El lugar destinado a las señoras tenía luces de color rosa sobre los lavabos, y música suave para ahogar el zumbido de los ventiladores. Rachel se estaba poniendo sombra de ojos. Había otras dos mujeres, lavándose. Una puerta estaba cerrada. Charlie pasó al lado de Rachel y le puso en la mano el mensaje. Se lavó y volvió a la mesa.

- Vámonos de aquí -dijo, como si una vez aliviada hubiera cambiado de idea-. Es ridículo.

Rossino encendió un grueso puro holandés y le echó a propósito el humo en la cara.

Un Mercedes que parecía oficial se detuvo en la puerta y descargó un puñado de hombres, vestidos con trajes oscuros y con insignias en la solapa. Rossino había empezado a hacer una broma obscena a propósito de ellos, cuando le interrumpió un botones diciendo que le llamaban al teléfono: se rogaba al señor Verdi, que había dejado su nombre y cinco marcos al conserje, que fuera a la cabina número 3. Charlie se bebió el café, sintiendo el calor que le bajaba por el pecho. Rachel estaba sentada con un amigo, debajo de una palmera de aluminio, leyendo Cosmopolitan. El amigo era nuevo para ella y parecía alemán. Estaba leyendo un documento metido en una funda de plástico. Había unas veinte personas más sentadas por allí, pero Rachel fue la única a la que pudo reconocer. Rossino había vuelto.

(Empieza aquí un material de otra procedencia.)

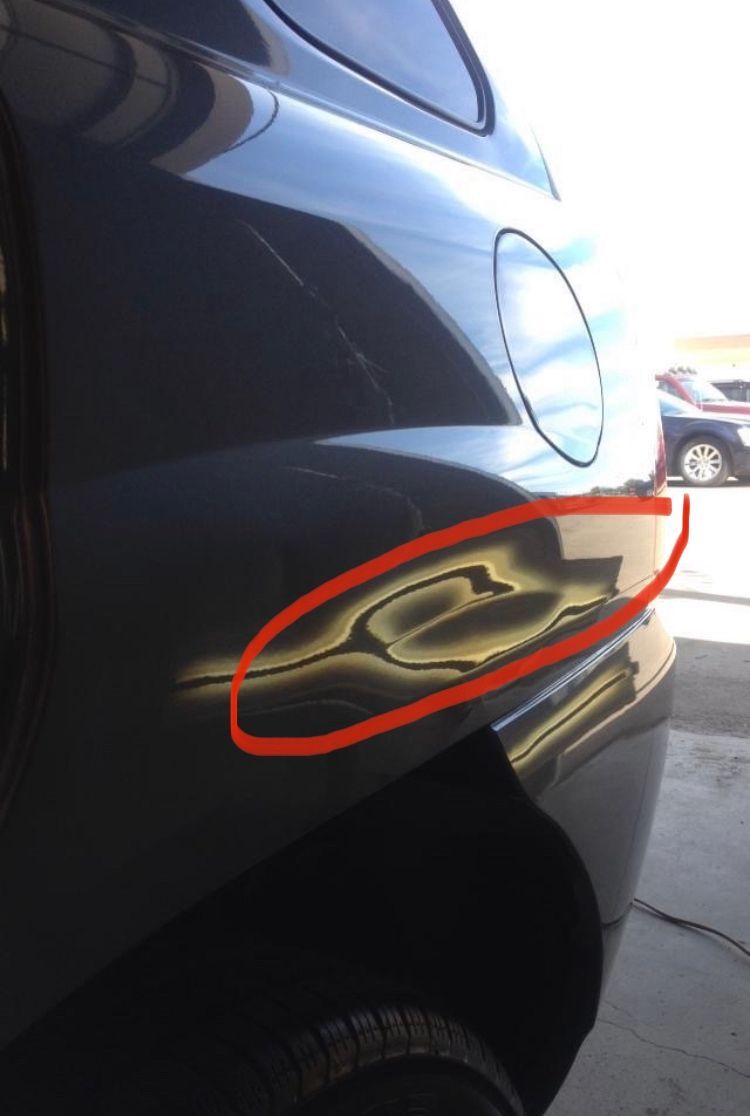 A close-up of a black car with a dent circled in red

- Los Minkel llegaron a la estación hace dos minutos. Cogieron un Peugeot azul. Estarán aquí dentro de un momento.

Pidió la cuenta, pagó y volvió a coger su periódico.

Haré todas las cosas una sola vez, se había prometido a sí misma mientras esperaba a que amaneciese; todo será por última vez. Se lo repetía ahora. Si ahora estoy aquí sentada, no volveré a sentarme aquí nunca. Cuando baje las escaleras, no volveré nunca a subirlas. Cuando salga del hotel, no volveré a entrar nunca en él.

- ¿Por qué no le pegamos un tiro y terminamos de una vez? - preguntó en voz baja, con un miedo y un odio repentinos que le habían entrado al ponerse otra vez a mirar la puerta de entrada.

- Porque queremos estar vivos para matar a otros tíos como él. -contestó Rossino con paciencia, y volvió la página-. El Manchester United ha perdido otra vez -añadió complacido-. Pobre viejo Imperio.

- Acción -dijo Charlie.

Un taxi marca Peugeot, azul, se había parado al otro lado de las puertas de cristal. Una mujer de pelo gris estaba saliendo de él. La seguía un hombre alto, de aspecto distinguido, que tenía un andar lento y ceremonioso.

- Ocúpate de las piezas pequeñas, yo me ocuparé de las grandes -le dijo Rossino, mientras dejaba el periódico y volvía a encender el puro.

El taxista estaba abriendo el maletero; Franz, el mozo, estaba detrás de él con su carrito. Salieron primero dos maletas de nylon marrones, ni viejas ni nuevas. Con correas en el centro, como refuerzo. Etiquetas rojas. Luego una maleta vieja de cuero, mucho más grande, con un par de ruedas en una punta. Seguida todavía de otra maleta más.